**Exercise aim**.
Of the lines below, write out exactly those from the line with "Microsoft says that" through the line with "Once everything is", both included, and skip the rest.

**Data to process**.

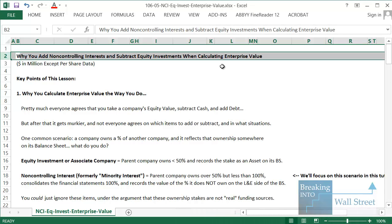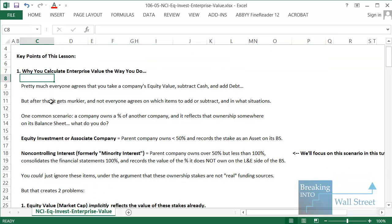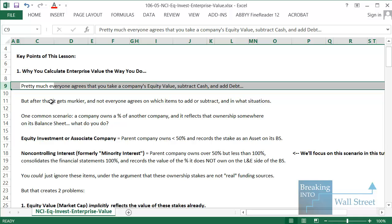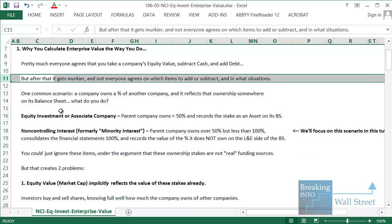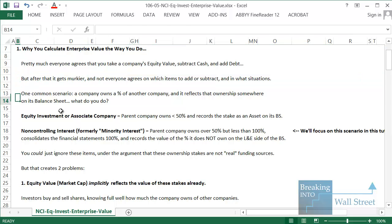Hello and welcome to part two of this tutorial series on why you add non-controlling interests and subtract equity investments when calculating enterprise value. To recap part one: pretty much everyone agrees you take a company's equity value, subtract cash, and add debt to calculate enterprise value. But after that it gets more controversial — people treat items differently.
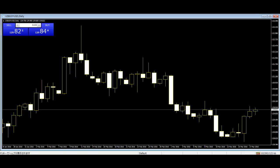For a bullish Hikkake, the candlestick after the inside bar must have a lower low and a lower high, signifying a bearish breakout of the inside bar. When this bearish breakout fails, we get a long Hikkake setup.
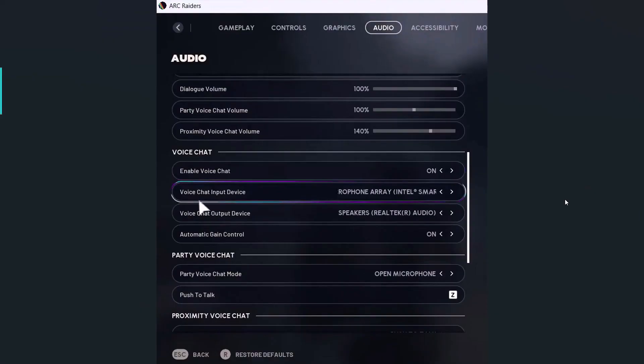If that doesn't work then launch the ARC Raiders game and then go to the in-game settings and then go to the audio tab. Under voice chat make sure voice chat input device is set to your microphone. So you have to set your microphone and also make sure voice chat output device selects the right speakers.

--

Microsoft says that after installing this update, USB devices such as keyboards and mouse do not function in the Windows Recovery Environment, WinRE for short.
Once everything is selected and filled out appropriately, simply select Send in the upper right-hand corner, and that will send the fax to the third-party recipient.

...

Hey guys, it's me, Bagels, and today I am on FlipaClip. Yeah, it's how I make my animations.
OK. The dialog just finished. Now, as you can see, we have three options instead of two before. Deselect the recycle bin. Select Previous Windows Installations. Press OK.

**Your solution**.
Microsoft says that after installing this update, USB devices such as keyboards and mouse do not function in the Windows Recovery Environment, WinRE for short.
Once everything is selected and filled out appropriately, simply select Send in the upper right-hand corner, and that will send the fax to the third-party recipient.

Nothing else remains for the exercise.